*ACTIVITY*:
Your answer should reproduce every line of the material in which the word "have" occurs.

*DATA RECORDS*:
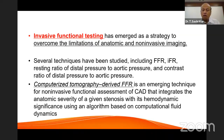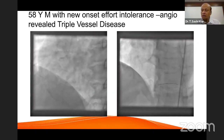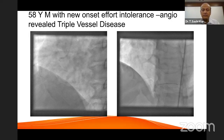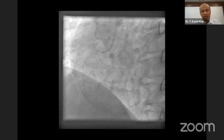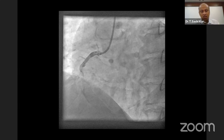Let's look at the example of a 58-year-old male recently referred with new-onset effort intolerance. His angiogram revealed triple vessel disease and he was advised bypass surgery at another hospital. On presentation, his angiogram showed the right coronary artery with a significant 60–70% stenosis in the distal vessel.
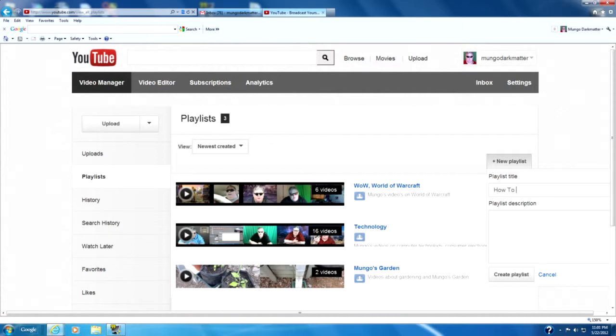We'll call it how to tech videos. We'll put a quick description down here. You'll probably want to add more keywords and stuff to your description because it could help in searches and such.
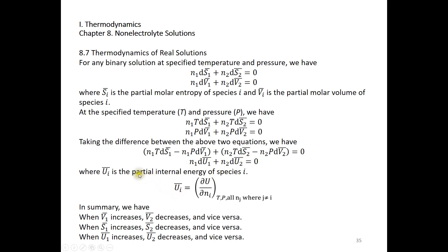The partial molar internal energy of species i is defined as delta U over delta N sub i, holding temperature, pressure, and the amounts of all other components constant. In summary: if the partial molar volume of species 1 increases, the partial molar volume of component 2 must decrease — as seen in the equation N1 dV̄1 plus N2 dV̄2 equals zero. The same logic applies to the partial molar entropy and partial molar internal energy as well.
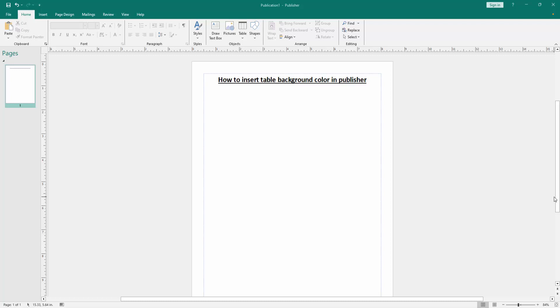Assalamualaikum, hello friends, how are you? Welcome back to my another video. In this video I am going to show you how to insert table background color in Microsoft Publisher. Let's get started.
* * *
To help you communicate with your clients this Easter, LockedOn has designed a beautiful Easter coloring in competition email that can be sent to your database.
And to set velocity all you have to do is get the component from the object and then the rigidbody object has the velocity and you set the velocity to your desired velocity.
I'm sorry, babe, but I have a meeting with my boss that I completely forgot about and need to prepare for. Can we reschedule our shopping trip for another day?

*COMPLETED EXERCISE*:
And to set velocity all you have to do is get the component from the object and then the rigidbody object has the velocity and you set the velocity to your desired velocity.
I'm sorry, babe, but I have a meeting with my boss that I completely forgot about and need to prepare for. Can we reschedule our shopping trip for another day?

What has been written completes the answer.